Beyond vaccines, ensuring sufficient financial liquidity for weaker economies is essential for their survival. Supporting these economies to avoid a “further dangerous divergence” will require significant support, including grants from bilateral donors, creditors and international financial institutions, as well as debt relief and loan rescheduling.
However, the possibility of higher interest rates in the US on the back of rising inflation could lead to a sharp tightening of global financial conditions and significant capital outflows from emerging and developing economies, Ms Georgieva said.
“It would pose major challenges, especially to countries with large external financing needs or elevated debt levels.”

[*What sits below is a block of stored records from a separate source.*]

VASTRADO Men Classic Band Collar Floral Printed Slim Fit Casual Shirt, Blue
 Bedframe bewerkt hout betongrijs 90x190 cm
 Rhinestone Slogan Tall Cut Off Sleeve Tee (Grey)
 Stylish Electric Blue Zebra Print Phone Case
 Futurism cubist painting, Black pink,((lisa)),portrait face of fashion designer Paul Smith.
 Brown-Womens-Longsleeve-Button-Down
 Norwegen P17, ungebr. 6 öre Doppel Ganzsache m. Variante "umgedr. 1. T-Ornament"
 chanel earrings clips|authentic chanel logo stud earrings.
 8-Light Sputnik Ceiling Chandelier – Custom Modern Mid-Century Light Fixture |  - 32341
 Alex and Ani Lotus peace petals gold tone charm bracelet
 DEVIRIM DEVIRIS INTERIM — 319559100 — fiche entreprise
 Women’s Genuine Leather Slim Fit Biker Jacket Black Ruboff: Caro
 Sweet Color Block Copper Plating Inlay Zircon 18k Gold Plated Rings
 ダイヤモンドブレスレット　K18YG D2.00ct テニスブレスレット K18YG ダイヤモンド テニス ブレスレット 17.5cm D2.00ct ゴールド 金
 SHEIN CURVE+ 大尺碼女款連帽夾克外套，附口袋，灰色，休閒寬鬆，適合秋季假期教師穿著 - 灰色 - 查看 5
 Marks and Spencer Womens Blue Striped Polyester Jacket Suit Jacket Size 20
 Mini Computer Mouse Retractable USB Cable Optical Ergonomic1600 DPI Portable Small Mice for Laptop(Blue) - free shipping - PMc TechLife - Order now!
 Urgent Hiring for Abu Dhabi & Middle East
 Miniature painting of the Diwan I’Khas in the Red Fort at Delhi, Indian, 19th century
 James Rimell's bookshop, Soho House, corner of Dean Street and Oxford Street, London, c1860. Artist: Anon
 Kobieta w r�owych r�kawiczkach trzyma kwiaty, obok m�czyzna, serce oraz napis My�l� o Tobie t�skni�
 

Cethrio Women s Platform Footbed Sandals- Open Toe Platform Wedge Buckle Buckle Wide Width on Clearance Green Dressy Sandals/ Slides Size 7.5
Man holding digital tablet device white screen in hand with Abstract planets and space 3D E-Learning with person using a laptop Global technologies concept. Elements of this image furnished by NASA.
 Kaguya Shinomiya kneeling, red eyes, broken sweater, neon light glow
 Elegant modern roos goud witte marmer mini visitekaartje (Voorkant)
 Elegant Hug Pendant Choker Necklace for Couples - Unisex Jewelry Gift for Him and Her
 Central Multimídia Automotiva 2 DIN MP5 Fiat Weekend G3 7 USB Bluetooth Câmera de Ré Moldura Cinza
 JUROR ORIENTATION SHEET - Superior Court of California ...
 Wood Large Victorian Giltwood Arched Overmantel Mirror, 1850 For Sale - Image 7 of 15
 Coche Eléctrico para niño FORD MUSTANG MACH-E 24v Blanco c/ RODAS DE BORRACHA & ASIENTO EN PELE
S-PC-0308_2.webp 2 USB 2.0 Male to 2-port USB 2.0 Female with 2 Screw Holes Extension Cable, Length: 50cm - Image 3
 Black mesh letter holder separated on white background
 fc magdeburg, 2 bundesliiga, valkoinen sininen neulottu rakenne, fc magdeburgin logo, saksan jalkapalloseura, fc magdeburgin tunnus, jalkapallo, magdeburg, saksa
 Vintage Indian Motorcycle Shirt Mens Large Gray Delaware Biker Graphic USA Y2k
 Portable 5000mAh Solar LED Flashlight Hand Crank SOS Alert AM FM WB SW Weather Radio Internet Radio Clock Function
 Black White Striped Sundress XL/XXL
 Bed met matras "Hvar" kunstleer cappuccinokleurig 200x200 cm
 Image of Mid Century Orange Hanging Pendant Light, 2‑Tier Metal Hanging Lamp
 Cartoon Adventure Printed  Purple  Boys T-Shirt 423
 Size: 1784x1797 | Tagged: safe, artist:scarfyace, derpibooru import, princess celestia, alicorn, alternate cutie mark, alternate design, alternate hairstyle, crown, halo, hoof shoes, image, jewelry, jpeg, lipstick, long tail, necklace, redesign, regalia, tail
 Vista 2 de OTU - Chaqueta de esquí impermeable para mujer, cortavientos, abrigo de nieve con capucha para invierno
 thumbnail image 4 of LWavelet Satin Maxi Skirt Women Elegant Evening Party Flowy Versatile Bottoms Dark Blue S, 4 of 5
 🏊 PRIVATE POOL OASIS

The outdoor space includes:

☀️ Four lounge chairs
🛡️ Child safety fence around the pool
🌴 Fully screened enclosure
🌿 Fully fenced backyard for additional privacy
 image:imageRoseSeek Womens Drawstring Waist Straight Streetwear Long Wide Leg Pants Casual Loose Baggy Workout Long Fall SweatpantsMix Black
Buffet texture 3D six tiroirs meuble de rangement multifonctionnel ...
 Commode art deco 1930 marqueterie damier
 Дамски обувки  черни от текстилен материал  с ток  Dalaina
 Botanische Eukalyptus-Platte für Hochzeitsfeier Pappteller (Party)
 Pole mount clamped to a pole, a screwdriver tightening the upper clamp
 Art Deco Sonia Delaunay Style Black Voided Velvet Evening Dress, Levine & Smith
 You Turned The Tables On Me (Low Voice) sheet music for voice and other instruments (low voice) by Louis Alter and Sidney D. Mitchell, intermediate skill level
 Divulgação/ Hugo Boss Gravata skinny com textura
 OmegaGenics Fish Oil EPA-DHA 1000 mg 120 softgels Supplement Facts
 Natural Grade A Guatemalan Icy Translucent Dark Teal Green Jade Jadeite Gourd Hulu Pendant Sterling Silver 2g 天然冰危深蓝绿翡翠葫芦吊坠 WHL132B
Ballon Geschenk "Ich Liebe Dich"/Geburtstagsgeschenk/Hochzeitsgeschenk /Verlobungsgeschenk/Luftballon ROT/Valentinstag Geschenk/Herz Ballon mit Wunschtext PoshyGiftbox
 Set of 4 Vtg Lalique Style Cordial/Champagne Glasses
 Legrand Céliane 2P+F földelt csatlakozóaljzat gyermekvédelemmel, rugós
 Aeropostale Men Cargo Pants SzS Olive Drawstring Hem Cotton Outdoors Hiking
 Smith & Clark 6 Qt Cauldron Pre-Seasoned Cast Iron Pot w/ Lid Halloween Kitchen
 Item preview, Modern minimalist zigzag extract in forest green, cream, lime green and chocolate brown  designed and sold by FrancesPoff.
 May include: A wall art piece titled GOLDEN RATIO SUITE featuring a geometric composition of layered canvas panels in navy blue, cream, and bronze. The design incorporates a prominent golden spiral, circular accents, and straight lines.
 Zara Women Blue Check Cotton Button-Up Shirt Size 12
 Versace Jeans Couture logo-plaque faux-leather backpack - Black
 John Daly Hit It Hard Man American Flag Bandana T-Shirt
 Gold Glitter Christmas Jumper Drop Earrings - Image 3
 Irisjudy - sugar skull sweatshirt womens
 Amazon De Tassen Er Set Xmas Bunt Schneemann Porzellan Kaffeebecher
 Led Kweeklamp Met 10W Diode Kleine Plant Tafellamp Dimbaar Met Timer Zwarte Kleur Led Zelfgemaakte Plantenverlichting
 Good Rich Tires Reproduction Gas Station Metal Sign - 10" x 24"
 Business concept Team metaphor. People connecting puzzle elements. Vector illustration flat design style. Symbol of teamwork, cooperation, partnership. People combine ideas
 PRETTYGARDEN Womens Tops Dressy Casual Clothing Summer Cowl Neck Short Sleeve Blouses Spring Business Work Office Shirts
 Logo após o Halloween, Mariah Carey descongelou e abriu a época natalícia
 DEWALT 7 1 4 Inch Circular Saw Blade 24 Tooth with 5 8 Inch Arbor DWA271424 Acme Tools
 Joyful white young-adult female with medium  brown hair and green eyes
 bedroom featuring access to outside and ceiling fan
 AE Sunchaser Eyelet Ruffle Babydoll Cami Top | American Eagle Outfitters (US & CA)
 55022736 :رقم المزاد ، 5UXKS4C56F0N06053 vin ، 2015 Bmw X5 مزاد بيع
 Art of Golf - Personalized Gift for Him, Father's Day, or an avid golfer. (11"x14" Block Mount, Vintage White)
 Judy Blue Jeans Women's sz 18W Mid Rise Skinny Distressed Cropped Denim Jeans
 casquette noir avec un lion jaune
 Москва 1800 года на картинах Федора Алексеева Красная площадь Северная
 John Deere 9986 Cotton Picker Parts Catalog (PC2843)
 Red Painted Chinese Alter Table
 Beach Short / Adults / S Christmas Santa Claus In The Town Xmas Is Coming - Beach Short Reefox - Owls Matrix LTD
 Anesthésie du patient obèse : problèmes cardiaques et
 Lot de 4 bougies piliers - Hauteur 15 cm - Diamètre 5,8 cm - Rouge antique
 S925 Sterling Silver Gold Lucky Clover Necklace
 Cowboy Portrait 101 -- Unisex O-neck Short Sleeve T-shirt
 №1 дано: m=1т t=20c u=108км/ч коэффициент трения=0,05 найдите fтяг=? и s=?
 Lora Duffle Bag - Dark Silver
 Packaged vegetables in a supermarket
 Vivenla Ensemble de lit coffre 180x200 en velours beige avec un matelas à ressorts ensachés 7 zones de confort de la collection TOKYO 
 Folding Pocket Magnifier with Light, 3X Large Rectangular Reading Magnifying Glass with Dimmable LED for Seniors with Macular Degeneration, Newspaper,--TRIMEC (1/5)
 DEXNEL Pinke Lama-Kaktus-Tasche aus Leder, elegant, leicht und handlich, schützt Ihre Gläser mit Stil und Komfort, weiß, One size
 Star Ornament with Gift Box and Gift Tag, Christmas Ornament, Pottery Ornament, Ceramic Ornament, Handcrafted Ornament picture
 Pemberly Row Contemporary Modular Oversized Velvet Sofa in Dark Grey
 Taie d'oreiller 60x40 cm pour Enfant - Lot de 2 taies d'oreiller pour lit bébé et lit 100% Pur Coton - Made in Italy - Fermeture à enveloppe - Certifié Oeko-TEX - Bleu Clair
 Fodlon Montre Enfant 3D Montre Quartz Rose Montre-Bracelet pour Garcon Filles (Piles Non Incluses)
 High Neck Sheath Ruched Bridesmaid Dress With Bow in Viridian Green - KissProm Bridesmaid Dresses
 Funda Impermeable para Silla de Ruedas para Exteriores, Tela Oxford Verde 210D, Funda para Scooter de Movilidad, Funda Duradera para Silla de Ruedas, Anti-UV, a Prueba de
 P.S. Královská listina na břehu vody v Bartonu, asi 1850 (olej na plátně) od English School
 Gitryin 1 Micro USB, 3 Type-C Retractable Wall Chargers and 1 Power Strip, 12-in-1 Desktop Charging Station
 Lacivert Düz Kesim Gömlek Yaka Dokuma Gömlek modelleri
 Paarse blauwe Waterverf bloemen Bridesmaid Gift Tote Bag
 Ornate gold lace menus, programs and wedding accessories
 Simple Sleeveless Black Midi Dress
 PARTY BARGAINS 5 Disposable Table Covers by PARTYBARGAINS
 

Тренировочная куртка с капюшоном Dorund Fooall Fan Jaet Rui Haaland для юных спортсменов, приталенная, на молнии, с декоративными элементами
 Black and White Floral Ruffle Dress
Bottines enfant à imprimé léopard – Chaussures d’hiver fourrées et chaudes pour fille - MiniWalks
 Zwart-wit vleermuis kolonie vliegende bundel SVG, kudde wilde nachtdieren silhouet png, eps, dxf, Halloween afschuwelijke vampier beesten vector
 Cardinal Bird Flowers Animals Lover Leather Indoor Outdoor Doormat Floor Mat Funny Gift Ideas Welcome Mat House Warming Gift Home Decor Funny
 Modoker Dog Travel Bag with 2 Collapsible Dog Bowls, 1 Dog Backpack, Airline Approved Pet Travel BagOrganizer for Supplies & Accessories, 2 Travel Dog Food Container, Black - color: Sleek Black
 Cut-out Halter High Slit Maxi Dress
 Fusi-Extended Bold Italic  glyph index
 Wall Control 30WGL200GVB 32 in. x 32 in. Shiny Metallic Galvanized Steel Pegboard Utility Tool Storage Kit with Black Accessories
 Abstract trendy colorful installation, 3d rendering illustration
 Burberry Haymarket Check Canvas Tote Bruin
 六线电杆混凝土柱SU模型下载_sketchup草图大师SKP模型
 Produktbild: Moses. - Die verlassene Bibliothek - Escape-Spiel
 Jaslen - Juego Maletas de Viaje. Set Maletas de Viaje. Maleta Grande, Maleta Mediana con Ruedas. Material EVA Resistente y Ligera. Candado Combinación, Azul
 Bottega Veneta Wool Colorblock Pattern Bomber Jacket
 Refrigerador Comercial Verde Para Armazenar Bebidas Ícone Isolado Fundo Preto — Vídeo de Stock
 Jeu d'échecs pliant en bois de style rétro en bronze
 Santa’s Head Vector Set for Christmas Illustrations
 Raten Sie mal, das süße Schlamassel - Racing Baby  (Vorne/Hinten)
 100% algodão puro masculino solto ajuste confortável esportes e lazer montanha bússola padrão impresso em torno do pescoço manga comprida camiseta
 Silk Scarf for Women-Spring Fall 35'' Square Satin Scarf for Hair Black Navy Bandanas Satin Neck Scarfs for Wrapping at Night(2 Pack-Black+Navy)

The G20's Debt Service Suspension Initiative and its extension have provided “welcome relief for more than 40 countries”. The proposed allocation of $650bn of new Special Drawing Rights can also help meet the global need to supplement reserves and will support recovery efforts, the IMF said.
“This week’s G20 meeting is an opportunity to advance the plan for a new Resilience and Sustainability Trust, which would support low-income nations as well as poorer and vulnerable middle-income countries ravaged by the pandemic. It would help them with structural transformation, including confronting climate-related challenges,” Ms Georgieva said.
“We are also exploring a new ‘vaccine window’ under our emergency financing facilities, which would support countries in financing vaccination programmes if needed.”